Lists
In Project 0, we use arrays to track the positions of N objects in space. One thing we would not have been able to easily do is change the number of objects after the simulation had begun. This is because arrays have a fixed size in Java that can never change.
An alternate approach would have been to use a list type. You've no doubt used a list data structure at some point in the past. For example, in Python:
L = [3, 5, 6]
L.append(7)
While Java does have a built-in List type, we're going to eschew using it for now. In this chapter, we'll build our own list from scratch, along the way learning some key features of Java.
The Mystery of the Walrus
To begin our journey, we will first ponder the profound Mystery of the Walrus.
Try to predict what happens when we run the code below. Does the change to b affect a? Hint: If you're coming from Python, Java has the same behavior.

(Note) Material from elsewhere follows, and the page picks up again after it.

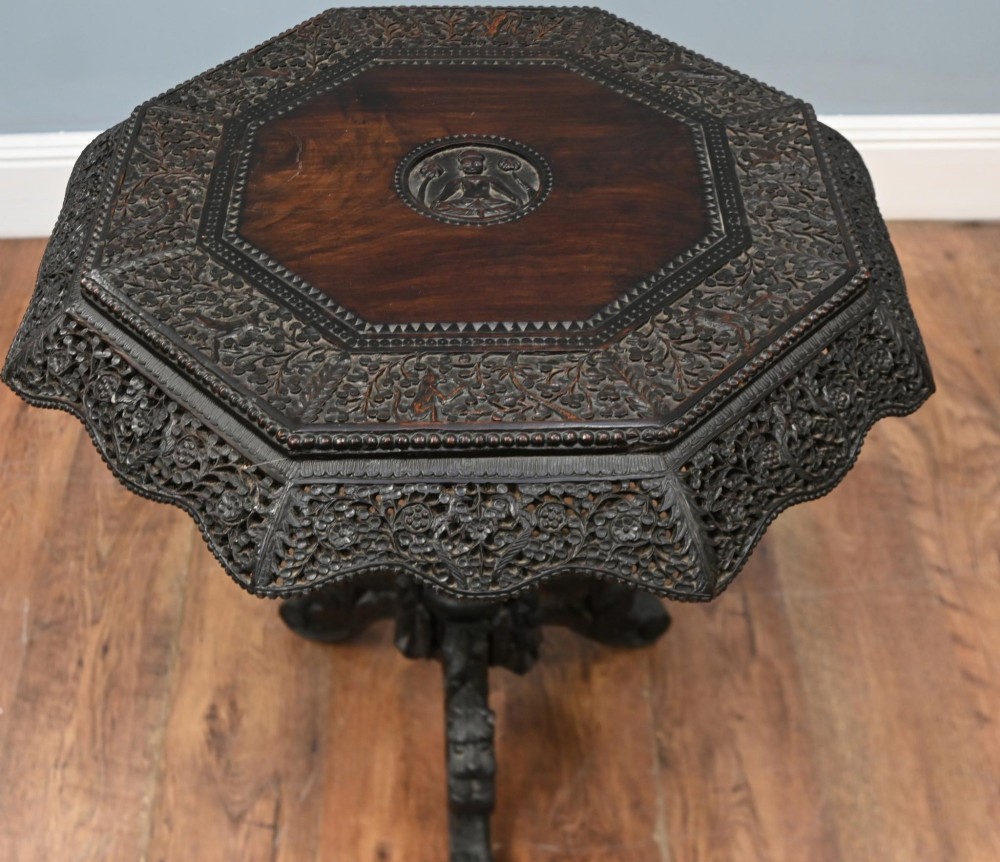 An antique octagonal dark hardwood side table featuring intricate pierced floral carvings around the apron and a central turned pedestal supported by three mythical carved beast legs. View V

Walrus a = new Walrus(1000, 8.3);
Walrus b;
b = a;
b.weight = 5;
System.out.println(a);
System.out.println(b);
Now try to predict what happens when we run the code below. Does the change to x affect y?
int x = 5;
int y;
y = x;
x = 2;
System.out.println("x is: " + x);
System.out.println("y is: " + y);
The answer can be found here.
While subtle, the key ideas that underlie the Mystery of the Walrus will be incredibly important to the efficiency of the data structures that we'll implement in this course, and a deep understanding of this problem will also lead to safer, more reliable code.
Bits
All information in your computer is stored in memory as a sequence of ones and zeros. Some examples:
- 72 is often stored as 01001000
- 205.75 is often stored as 01000011 01001101 11000000 00000000
- The letter H is often stored as 01001000 (same as 72)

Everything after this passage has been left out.